The lower levels, n and v through z, are used to cite
fields within an individual work. For a given work these
behave according to one of two schemes. In the first (this is
the only scheme used by the TLG and PHI prior to 1990), the n
level is not used and levels v through z are used hierarchi-
cally: the field varying most rapidly is always z and denotes
the line number; the other levels are used only as needed.
Thus in the New Testament the x level is the chapter, the y
level is the verse, and the z level is the line. The number of
levels within a work is constant. This type of citation is
typically used for literary texts.
In the second scheme, the n level is always present (its
presence or absence alone indicates which scheme is in effect)
and is used to specify a "document" within a work. Levels v
through z, in this scheme, are subordinate to n (that is, when
n changes v through z become null) but they are not otherwise
arranged hierarchically: they change independently of one
another. The z level is reserved for line number but the other
levels, v through y are assigned to whatever fields are
appropriate to the document at hand. This type of citation
allows for handling the individual inscriptions or papyri
within a single volume (work), each of which may have varying
numbers of ID levels for information such as fragments, sides
and columns.
Descriptive data
The optional descriptor ID levels (a..z) are used
independently of levels a..d,n,v..z to hold comments or
descriptive information. They are not part of the citation
scheme and are not themselves hierarchical. The comment
contained in a descriptor ID level applies to all the text
lines that follow until the value of that descriptor level
changes or a change in the work or document level sets all the
descriptor levels to null. Their assignment (level 1, for
example, to indicate the location of a papyrus, or d to
indicate its date) is determined by the data preparer.
Although there are twenty-six possible descriptor ID levels
(a..z), PHI has used no more than eight in a single document.
PHI reserves the z descriptor level as a comment sequence
number within a work: in the display of continuous text (with
optimized ID's), it facilitates determining where the data
preparer intended a comment to appear but has no other
conventional meaning and is not part of the original comment.
These descriptors are not included in ID Table files.
ID values
ID values are divided into binary and ASCII components.
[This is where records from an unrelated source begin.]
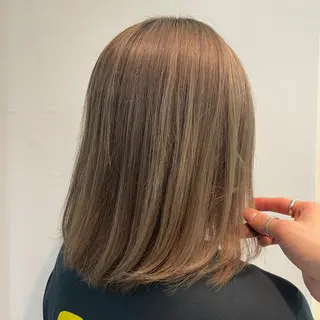 ミディアム 齋藤 尋真のヘアスタイル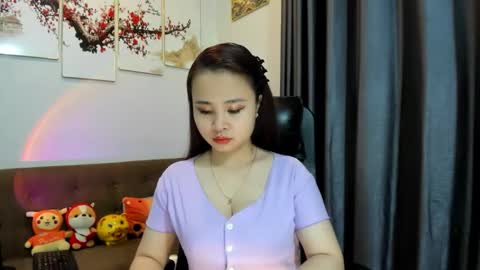 Kim online show from March 18, 7:46 am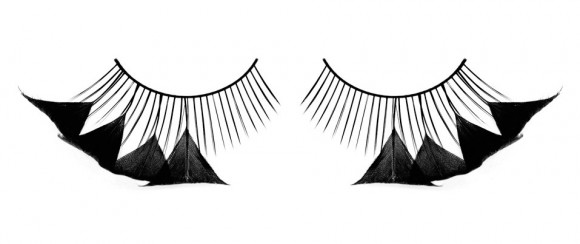 Черные ресницы с перьями у внешнего края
Leading digits, if any, are converted into a binary value; any
trailing characters become the ASCII component. Thus, the
citation "12" has a binary value of 12 and no ASCII value. The
citation "12a" also has a binary value of 12 but an ASCII
value of "a". The citation "a12" has no binary value and and
ASCII value of "a12".
The ASCII component presently can have a total length
from 1 to 15 characters (citations) or 1 to 31 characters
(descriptors) as used on the CD ROMs being described; these
values may change in future releases.
When citations are compared, the binary value is compared
first. If the binary values match, the ASCII values are
converted to lower case and compared -character by character,
but runs of digits within the ASCII string are evaluated as
numbers. Thus the citation "3a" is less than the citation
"12a" (since binary 3 is less than binary 12) and citation
"a3" is less than the citation "a12" (even though ASCII 3 is
greater than ASCII 1) ; "3B" is greater than "3a"; and "t" is
less than "1". By the same rules, "A31" is less than both
"A300" and "AB", since 31 comes before 300 (numeric) and "A"
comes before "AB" (string).
Numbers can range from 1 to 16383; larger numbers are
treated (and sorted) as strings.
An ID level is explicitly set to null if it consists of a
null string, coded with no binary value followed by a string
of length zero.
Decoding
An ID byte may be distinguished from a text byte by the
high bit (the sign bit) of the byte. Since the text encoding
system is based on 7-bit ASCII characters, the sign bit is
always clear for text bytes; the sign bit is always set for
IC bytes. This distinction makes it easy to separate ID
information from text information as the data is processed.
The first byte of an ID sequence is always a code byte.
The code byte is followed by data bytes, as required.
Additional code bytes with their data bytes may follow.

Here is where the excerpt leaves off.